Reproduce, word for word, every line starting at the line that contains "بادگیر؛ شاهکار معماری" and ending with the final line of the entries.

(EXERCISE INPUTS)

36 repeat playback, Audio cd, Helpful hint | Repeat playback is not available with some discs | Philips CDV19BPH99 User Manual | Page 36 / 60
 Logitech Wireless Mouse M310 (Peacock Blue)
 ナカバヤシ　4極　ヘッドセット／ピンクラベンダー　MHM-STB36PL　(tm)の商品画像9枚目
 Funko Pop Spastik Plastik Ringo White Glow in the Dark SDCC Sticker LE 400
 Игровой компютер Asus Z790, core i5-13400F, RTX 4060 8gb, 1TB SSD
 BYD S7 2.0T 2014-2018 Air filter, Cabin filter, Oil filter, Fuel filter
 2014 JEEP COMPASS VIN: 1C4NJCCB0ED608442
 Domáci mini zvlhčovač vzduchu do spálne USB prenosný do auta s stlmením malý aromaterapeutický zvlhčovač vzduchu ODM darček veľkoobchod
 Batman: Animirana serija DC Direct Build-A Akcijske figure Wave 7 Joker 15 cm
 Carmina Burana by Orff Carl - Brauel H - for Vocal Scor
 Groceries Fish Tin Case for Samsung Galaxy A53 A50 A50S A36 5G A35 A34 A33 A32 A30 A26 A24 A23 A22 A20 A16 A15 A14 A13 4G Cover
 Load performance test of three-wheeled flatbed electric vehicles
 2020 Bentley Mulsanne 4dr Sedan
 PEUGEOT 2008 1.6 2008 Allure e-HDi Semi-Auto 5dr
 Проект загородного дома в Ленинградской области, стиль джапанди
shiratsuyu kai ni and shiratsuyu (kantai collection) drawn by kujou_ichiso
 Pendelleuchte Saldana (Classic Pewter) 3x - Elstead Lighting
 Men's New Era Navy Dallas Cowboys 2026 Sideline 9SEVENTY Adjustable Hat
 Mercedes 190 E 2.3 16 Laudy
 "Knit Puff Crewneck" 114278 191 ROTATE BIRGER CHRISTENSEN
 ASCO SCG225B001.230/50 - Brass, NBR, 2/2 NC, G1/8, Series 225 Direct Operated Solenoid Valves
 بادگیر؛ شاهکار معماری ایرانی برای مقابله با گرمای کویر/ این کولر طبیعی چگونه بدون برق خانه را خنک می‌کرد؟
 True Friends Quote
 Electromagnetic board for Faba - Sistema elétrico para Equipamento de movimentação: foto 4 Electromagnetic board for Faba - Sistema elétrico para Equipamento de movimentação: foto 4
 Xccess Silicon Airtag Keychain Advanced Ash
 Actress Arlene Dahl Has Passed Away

(End EXERCISE INPUTS)

▸ WRITTEN SOLUTION
 بادگیر؛ شاهکار معماری ایرانی برای مقابله با گرمای کویر/ این کولر طبیعی چگونه بدون برق خانه را خنک می‌کرد؟
 True Friends Quote
 Electromagnetic board for Faba - Sistema elétrico para Equipamento de movimentação: foto 4 Electromagnetic board for Faba - Sistema elétrico para Equipamento de movimentação: foto 4
 Xccess Silicon Airtag Keychain Advanced Ash
 Actress Arlene Dahl Has Passed Away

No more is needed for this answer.